Crude event rates and corresponding 95% confidence intervals (CIs) of the primary and secondary endpoints were described as the number of events per 100 person-years (% per year). Person-years of follow-up were calculated from the initiation of treatment with edoxaban or phenprocoumon to the occurrence of the first event investigated, the end of continuous enrollment, death, the end of the study period, discontinuation of treatment, or switching to another oral anticoagulant (including warfarin), whichever came first. Crude event rates for each endpoint and treatment group were calculated by dividing the number of events by the person time and reported per 100 person-years.

The adjusted event rates were calculated using a Poisson regression model, which considered a fictive patient who possessed the average baseline demographics and clinical characteristics of all patients. The primary and secondary endpoints served as dependent variables, while baseline characteristics and treatment groups were considered as independent covariates. Baseline variables were regarded time-independent, i.e., only the covariates’ value at baseline was considered.

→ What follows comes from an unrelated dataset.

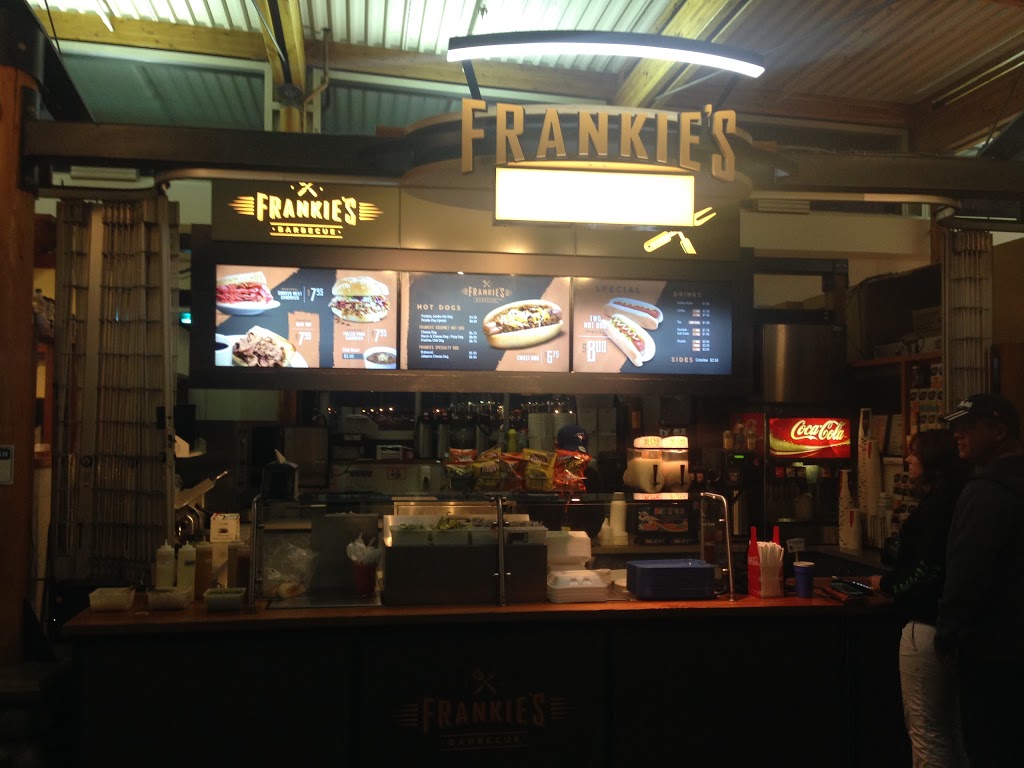 Frankies Barbecue Grill | 1 Ferry Causeway, Delta, BC, Canada | Phone: (604) 943-2721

Adjusted event rates for the individual treatment groups were the marginal mean values of the prediction derived by the Poisson model and reported per 100 person-years.

To compare the risk for stroke/SE and all-cause mortality (effectiveness events), and bleedings (safety events) between NVAF patients initiating edoxaban and phenprocoumon treatment, hazard ratios (HR) were estimated through multiple outcome-specific cox proportional hazard regression models. Edoxaban was compared to phenprocoumon with phenprocoumon serving as reference category in the analysis. Adjustment included demographic characteristics, comorbidities, and risk factors for stroke/SE and bleeding as dependent variables, while the treatment groups were included as independent covariate. Covariates with significant influence on the multiple outcome-specific cox proportional hazard models were selected through machine learning in terms of backward elimination.

For building of the geriatric subgroups regarding age, comorbidity, frailty, and polypharmacy, the number and percentage of patients in each cohort and summary measures in terms of mean and SD were determined. Baseline characteristics and clinical features were stratified by treatment group (edoxaban vs phenprocoumon) and by subgroups of geriatric patients. In line with the main analysis, differences in the risk of primary and secondary effectiveness and safety events between the treatment groups were determined for geriatric patients. Multiple outcome- and geriatric subgroup-specific cox proportional hazard models were used to estimate the treatment effect on the respective event rates. Using analysis of variance, the effect modification by geriatric subgroups on the association between treatment and outcomes was tested by adding interaction terms for the age, comorbidity, frailty, and polypharmacy subgroups to the multiple cox proportional hazard regressions.